= Problem details =
Repeat the listing exactly. Pictures stay out of your copy.

= Data block =

|---|

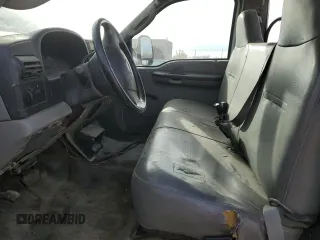 2005 Ford F-350 XL с VIN 1FDSF34595EC82207, выставлен на аукционе Copart как лот 81135964 с пробегом Не указан миль и Списание • Salvage title. История ставок и продаж доступна на DreamBid. Изображение 7.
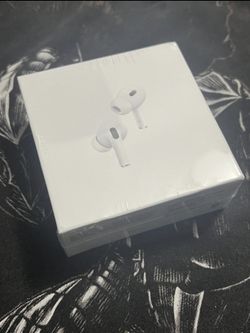 Apple airpod pros 2nd gen with MagSafe Charging case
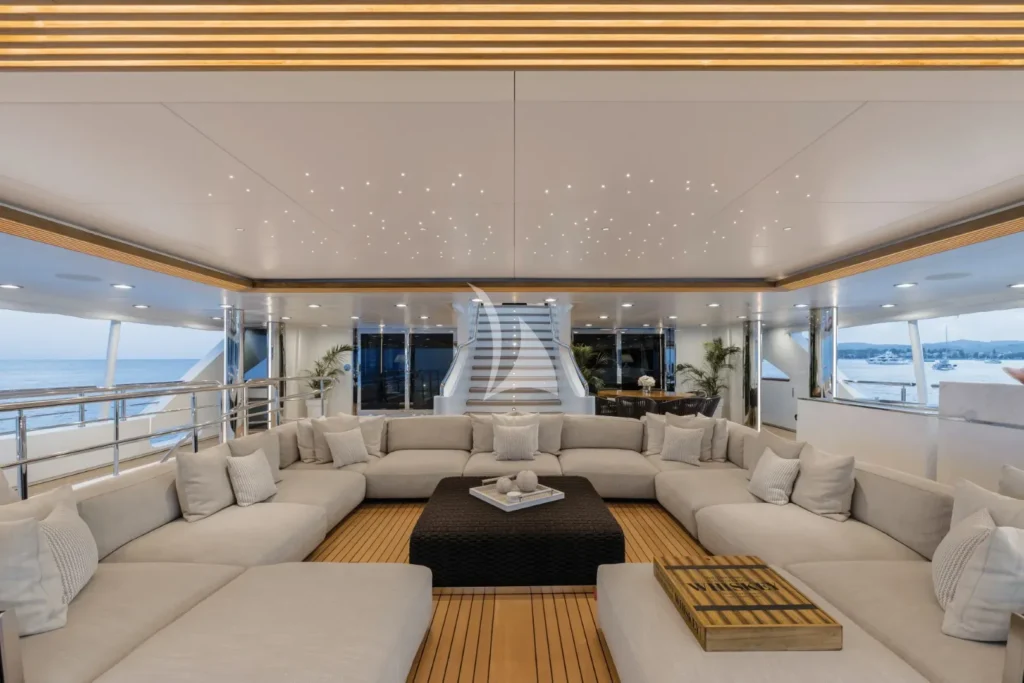 Upper deck aft lounging area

|---|

= Answer below =
 2005 Ford F-350 XL с VIN 1FDSF34595EC82207, выставлен на аукционе Copart как лот 81135964 с пробегом Не указан миль и Списание • Salvage title. История ставок и продаж доступна на DreamBid. Изображение 7.
 Apple airpod pros 2nd gen with MagSafe Charging case
 Upper deck aft lounging area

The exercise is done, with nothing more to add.